Brief: Please restate the data that follows word for word, with the pictures left out.

Supplied information:
******

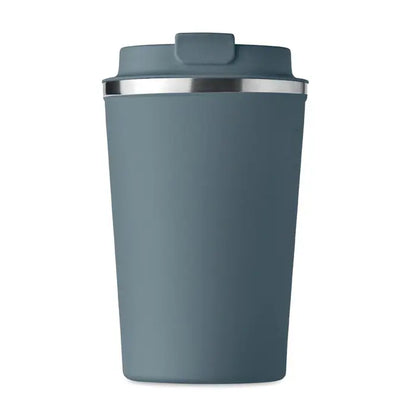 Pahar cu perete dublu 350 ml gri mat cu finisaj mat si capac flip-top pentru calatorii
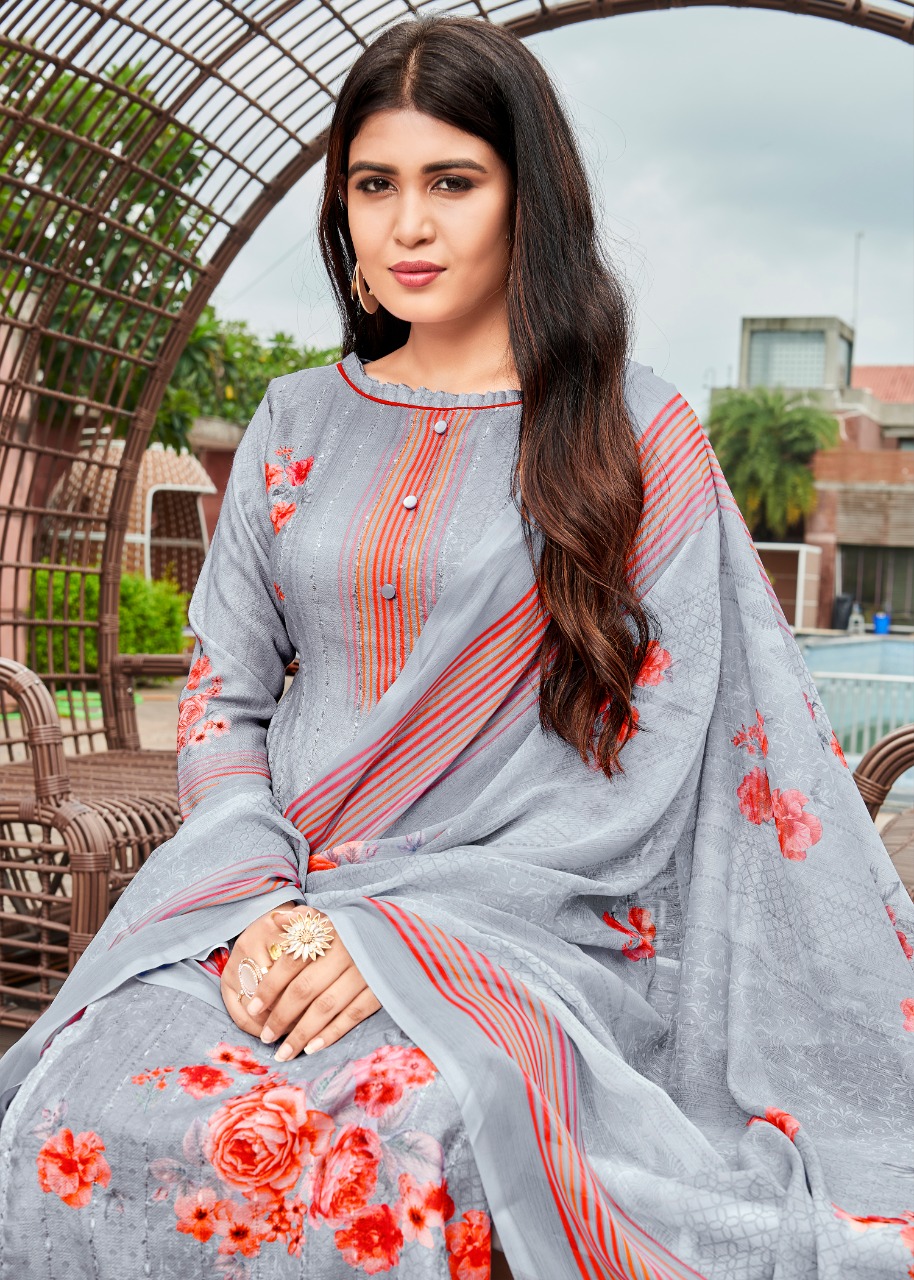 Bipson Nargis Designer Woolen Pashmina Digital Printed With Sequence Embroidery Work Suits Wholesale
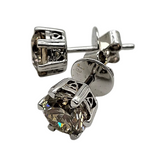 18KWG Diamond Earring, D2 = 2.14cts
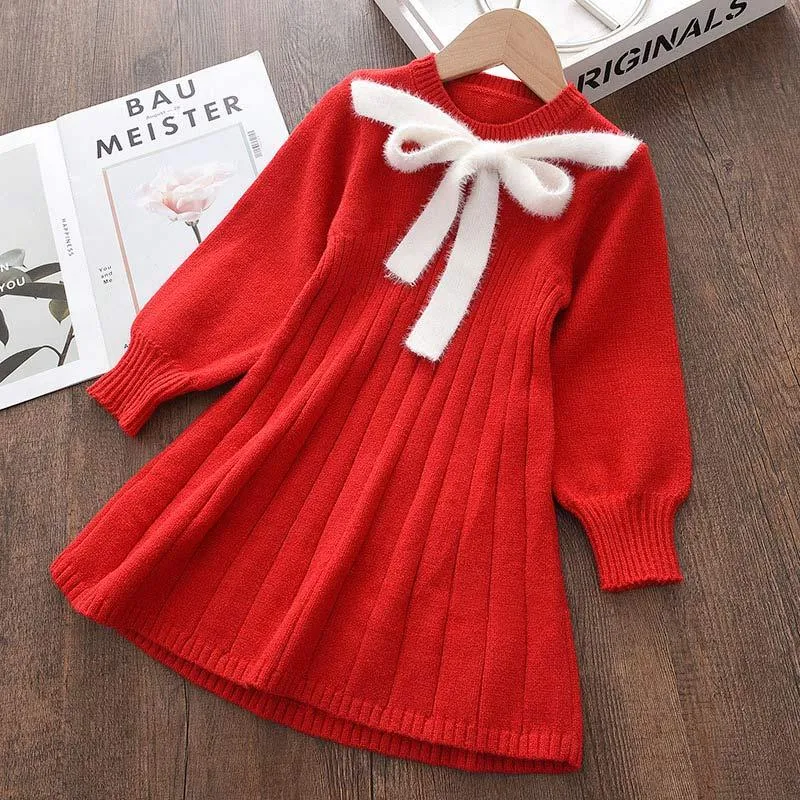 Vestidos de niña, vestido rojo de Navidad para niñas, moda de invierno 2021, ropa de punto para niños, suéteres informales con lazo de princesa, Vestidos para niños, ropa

******

Solved problem:
 Pahar cu perete dublu 350 ml gri mat cu finisaj mat si capac flip-top pentru calatorii
 Bipson Nargis Designer Woolen Pashmina Digital Printed With Sequence Embroidery Work Suits Wholesale
 18KWG Diamond Earring, D2 = 2.14cts
 Vestidos de niña, vestido rojo de Navidad para niñas, moda de invierno 2021, ropa de punto para niños, suéteres informales con lazo de princesa, Vestidos para niños, ropa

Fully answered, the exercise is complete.